### Given material
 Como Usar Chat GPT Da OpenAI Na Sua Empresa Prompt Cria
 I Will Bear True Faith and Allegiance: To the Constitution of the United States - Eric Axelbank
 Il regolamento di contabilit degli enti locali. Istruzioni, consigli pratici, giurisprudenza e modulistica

### Task description
Set down the entire material again, exactly as it stands.

### Solution to this problem
 Como Usar Chat GPT Da OpenAI Na Sua Empresa Prompt Cria
 I Will Bear True Faith and Allegiance: To the Constitution of the United States - Eric Axelbank
 Il regolamento di contabilit degli enti locali. Istruzioni, consigli pratici, giurisprudenza e modulistica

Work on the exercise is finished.